One may wonder why there are some unpopulated footprints for passives scattered around the board. These are more evidence of a lack of thorough engineering on my part when I quickly threw this circuit together. :)

Initially I was intending to detect whether the battery is full during charge by checking whether all three shunt regulators have activated. This seems like a really elegant way to check for end of charge, and in theory, it is. The problem is the way I was trying to measure this condition. I was going to measure the base voltage of the bypass transistors, and since I am already measuring the top of each cell (which is connected to the bypass transistor's emitter), I could calculate the VBE and figure out if the transistor is on.

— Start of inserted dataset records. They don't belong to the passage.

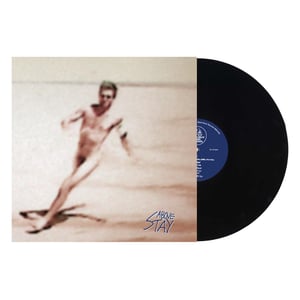 Image of Molly - Stay Above LP (Black vinyl)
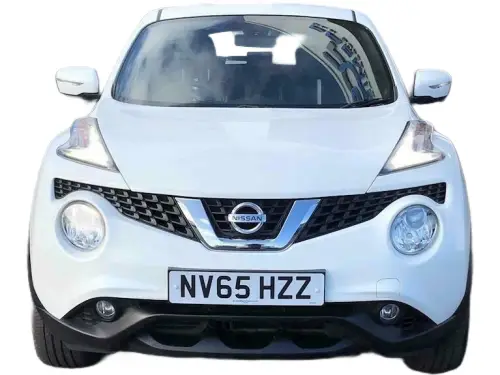 Nissan Juke Tekna CVT NV65 HZZ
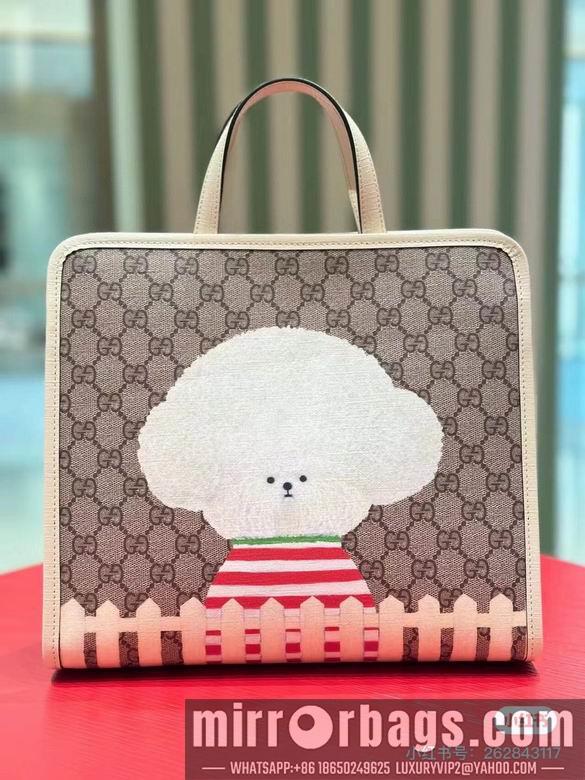 Replica Gucci Bags 1:1 605614 28.5X25X11cm DF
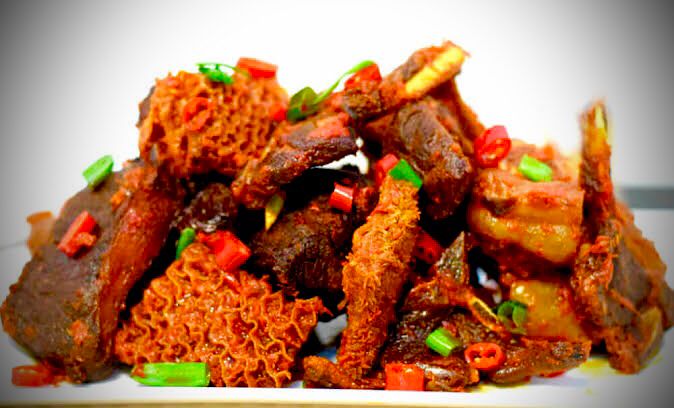 Assorted Meat Chaser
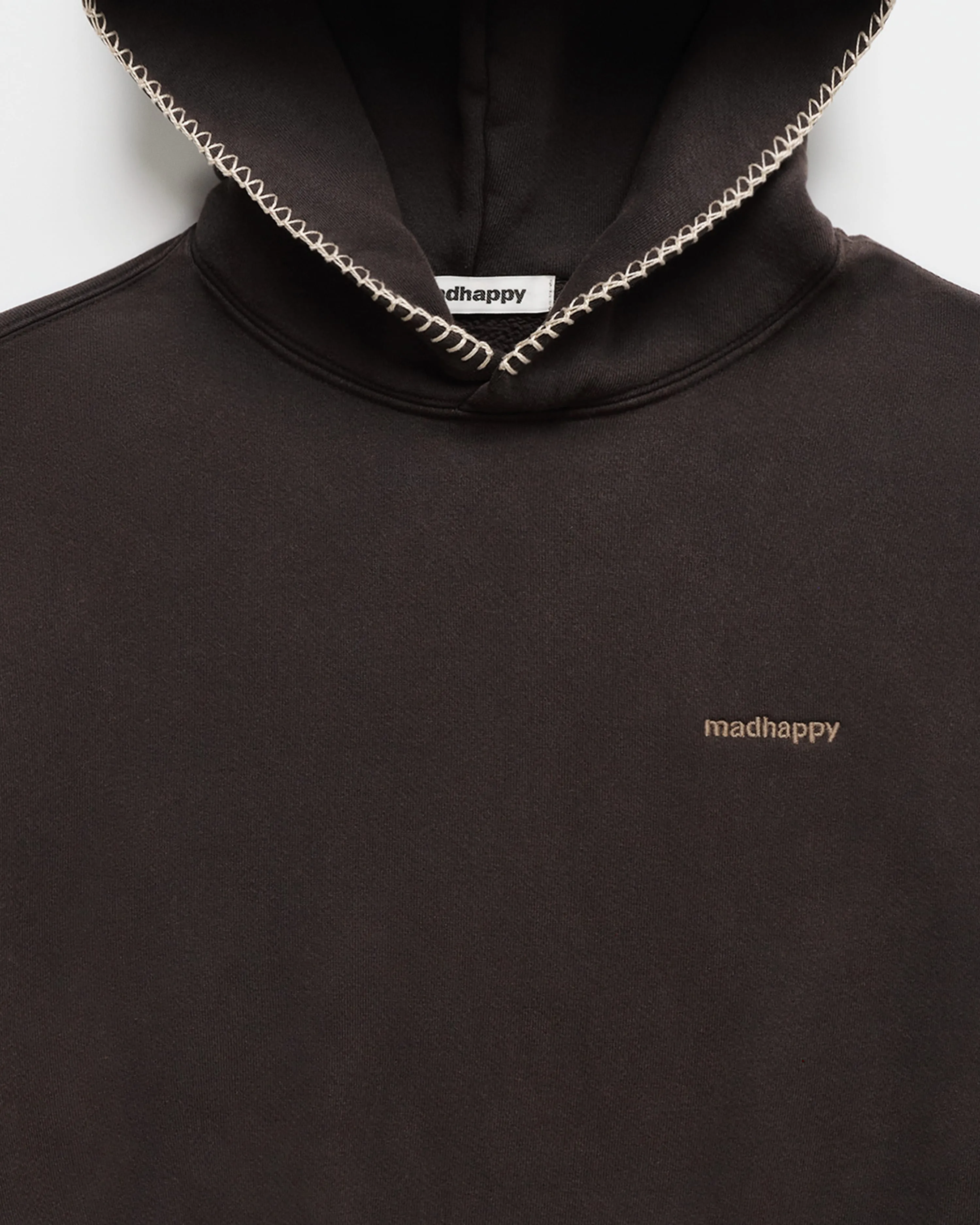 Classics Fleece Hoodie sold by Madhappy product image thumbnail 2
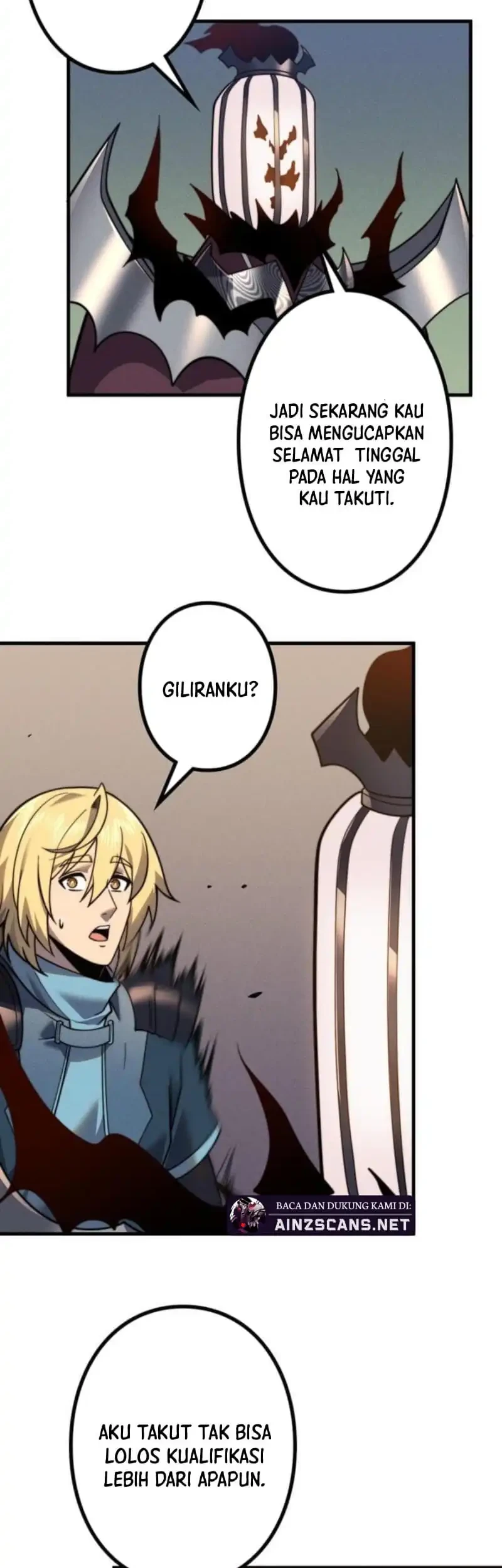 Absolute Domination at Level 0 with My Analysis Skill Chapter 17 Gambar 26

Unfortunately, since I'm measuring voltages up to ~12V using an ADC reference of 1.5V, I am using voltage dividers with a pretty high ratio (5.11M and 680K). So the absolute tolerance of the top resistor makes a pretty big difference compared to value of the bottom resistor, even with 1% resistors. On top of that, since I'm measuring the VBE difference using two different resistive dividers, their tolerances can add up to make things worse. I calculated that for the expected 0.6V VBE value, my measurement error could be as high as +/-0.4V, worst case! Unusable when trying to design a reliable circuit.

It might have been possible to monitor the VBE change during charge instead of using an absolute threshold, but that would assume we know the state of charge of the cells when starting a recharge. I didn't want to make any such assumptions since the system needs to work correctly when a full battery is plugged in as well.

I decided instead to just determine the end of charge by measuring the voltage at the top of the battery. All cells need to be at 3.6V to have the top of the battery reach 10.8V. Of course, we have some measurement inaccuracy here as well, but it's only the inaccuracy of one resistive divider instead of the potentially cumulative inaccuracy of two. I calculated the inaccuracy to be ~250mV, and I deal with this by setting the threshold lower and having a "top off" timer that will keep the charge current going for 5 more minutes. This is safe because the shunt regulators will bypass the excess current and prevent the cell voltage from going above 3.6V.

On the "cell empty" end, the measurement inaccuracy isn't a problem because of the big voltage change for an empty cell. The cell voltage shouldn't go lower than 2V, but a cell at 3V is just a drop away from being empty as well. So with my per-cell threshold at 2.7V, I should be safe in not switching the load off too early while making sure I don't discharge the cell too deeply.

So with all of this, measuring the shunt regulator base voltages has become useless, so I'm not populating those parts. An added benefit is that it also reduces the leakage current through the voltage dividers.